§ **Work order**
Pull each line with the string "Black" from the entries.

§ **Data records**
───
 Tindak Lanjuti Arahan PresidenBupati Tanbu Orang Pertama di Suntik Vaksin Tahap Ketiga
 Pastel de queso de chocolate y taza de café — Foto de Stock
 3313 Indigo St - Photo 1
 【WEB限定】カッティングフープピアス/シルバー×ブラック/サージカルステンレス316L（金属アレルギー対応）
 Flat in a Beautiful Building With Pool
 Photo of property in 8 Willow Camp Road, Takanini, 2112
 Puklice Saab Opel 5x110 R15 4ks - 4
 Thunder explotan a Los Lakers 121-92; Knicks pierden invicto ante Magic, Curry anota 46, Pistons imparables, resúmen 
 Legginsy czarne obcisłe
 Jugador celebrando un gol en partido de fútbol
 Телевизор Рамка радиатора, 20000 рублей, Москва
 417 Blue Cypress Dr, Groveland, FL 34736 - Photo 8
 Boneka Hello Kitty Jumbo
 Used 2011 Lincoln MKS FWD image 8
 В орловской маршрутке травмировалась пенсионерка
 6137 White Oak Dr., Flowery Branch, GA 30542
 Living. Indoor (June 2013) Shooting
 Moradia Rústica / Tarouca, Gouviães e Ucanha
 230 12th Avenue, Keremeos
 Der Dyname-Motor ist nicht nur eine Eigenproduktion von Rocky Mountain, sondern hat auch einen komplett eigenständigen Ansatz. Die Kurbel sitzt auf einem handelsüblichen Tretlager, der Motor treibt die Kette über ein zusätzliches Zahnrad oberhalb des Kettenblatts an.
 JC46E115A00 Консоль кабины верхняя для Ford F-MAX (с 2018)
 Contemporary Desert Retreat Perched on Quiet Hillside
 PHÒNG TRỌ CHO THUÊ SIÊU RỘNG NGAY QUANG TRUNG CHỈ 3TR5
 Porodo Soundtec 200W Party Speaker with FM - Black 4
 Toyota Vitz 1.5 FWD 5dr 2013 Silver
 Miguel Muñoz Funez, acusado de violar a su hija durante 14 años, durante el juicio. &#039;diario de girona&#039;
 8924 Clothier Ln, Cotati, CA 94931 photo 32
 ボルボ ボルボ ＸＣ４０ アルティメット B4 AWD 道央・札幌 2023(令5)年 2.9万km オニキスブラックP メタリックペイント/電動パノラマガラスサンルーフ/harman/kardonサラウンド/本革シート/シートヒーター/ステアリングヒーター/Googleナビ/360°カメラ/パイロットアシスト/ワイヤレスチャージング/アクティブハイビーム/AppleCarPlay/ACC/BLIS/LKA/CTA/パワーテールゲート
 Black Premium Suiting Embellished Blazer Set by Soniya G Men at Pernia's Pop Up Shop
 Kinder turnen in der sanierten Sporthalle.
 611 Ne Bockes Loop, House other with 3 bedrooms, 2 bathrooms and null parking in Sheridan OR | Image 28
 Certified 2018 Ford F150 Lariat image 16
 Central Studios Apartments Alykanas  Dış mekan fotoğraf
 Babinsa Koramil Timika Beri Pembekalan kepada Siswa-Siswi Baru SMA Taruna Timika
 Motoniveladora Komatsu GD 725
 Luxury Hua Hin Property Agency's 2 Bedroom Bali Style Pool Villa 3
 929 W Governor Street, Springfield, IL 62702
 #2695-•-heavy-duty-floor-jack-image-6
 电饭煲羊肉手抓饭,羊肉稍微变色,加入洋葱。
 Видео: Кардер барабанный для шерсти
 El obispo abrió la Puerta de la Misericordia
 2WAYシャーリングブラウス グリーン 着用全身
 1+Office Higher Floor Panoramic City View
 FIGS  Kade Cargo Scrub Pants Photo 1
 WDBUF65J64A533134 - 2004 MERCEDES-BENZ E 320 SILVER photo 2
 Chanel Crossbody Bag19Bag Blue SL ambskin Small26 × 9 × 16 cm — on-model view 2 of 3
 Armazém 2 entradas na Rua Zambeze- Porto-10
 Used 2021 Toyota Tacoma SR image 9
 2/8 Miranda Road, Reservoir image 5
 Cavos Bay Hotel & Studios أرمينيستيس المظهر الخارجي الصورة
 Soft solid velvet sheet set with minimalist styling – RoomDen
───
§ **Solution to this exercise**
 Porodo Soundtec 200W Party Speaker with FM - Black 4
 Black Premium Suiting Embellished Blazer Set by Soniya G Men at Pernia's Pop Up Shop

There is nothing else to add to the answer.